Should directors of boards own shares in their companies ?

Investors and credit lenders have often raised concerns about the level of commitment and decision-making acumen when members of  company boards do not have any personal investment in the companies they are collectively directing. Often referred to as 'skin-in-the-game', there is now a stronger focus on directors own shareholdings in their companies. The Australian Shareholders Association (ASA) believe that non-executive directors and key management personnel should have sufficient 'skin-in-the game' to ensure greater alignment with shareholders' interests. While noting that more companies in recent years have been introducing minimum shareholding  guidelines, there are many who refuse to place a requirement in writing. The Australian Council of Superannuation Investors (ACSI) has a similar perspective to the ASA and believes that any well governed board requires their directors to hold equity in the company.  Yet ACSI's research has found that 11 per cent of the ASX 200 directors own no shares in the the companies they govern and many of these directors have been on their boards for over 10 years.  

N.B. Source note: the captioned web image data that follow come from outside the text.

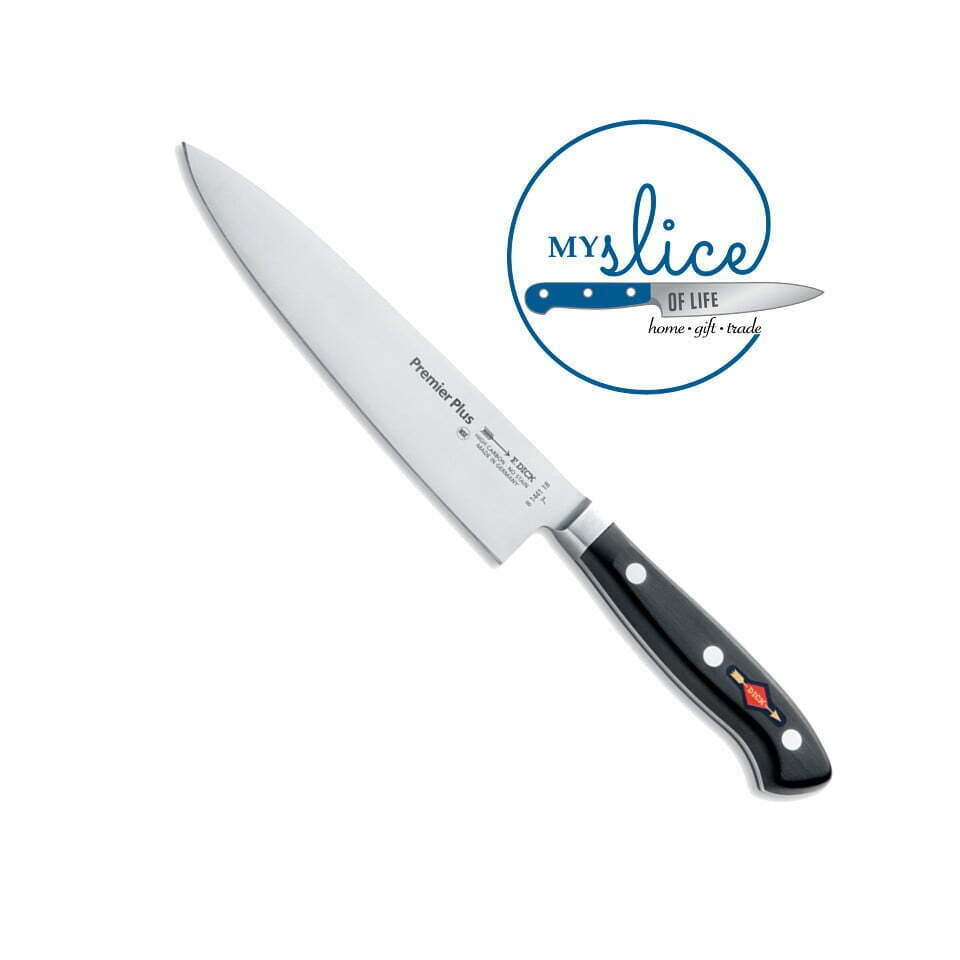 F Dick Premier Plus 7"/18cm Gyuutoo Chefs Knife 8144118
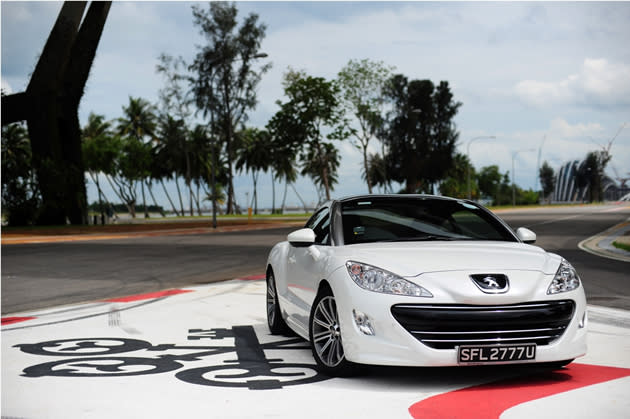 Peugeot RCZ (Photo: Adrian Wong)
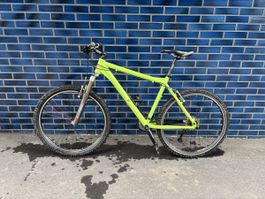 Mountainbike Kraftstoff Rahmengrösse S 49cm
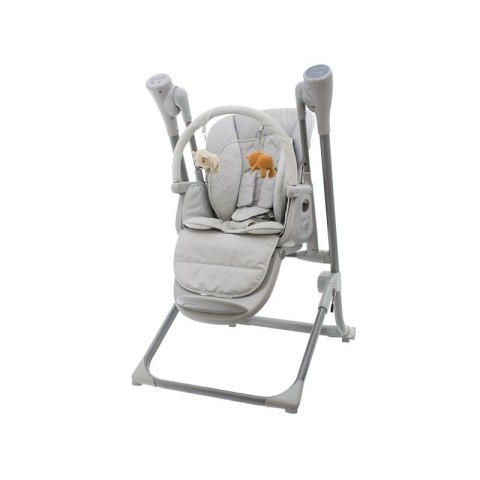 Krzesełko huśtawka ty868 loop grey EUROBABY Krzesełko huśtawka ty868 loop grey EUROBABY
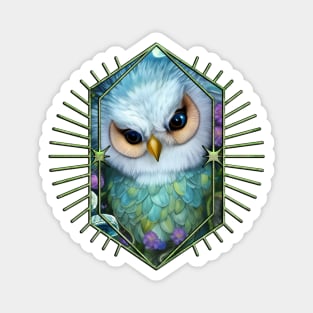 Cute Owl the Birds of the Night Magnet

Not surprisingly perhaps, the Australian Institute of Company Directors (AICD) while professing to have no set policy position cites all the reasons not to require directors to own shares - including discouraging potential candidates from accepting board positions; causing more caution and a short term focus for directors who do own shares; or potentially compromising a director's independence if they own more 5 per cent or more. These are weak arguments and not surprising given AICD's protective view which often seeks to minimise the level of guidance and compliance on directors from outside parties. It does not however resolve the question and the ASA and ASCI positions sit in stark contrast to AICD.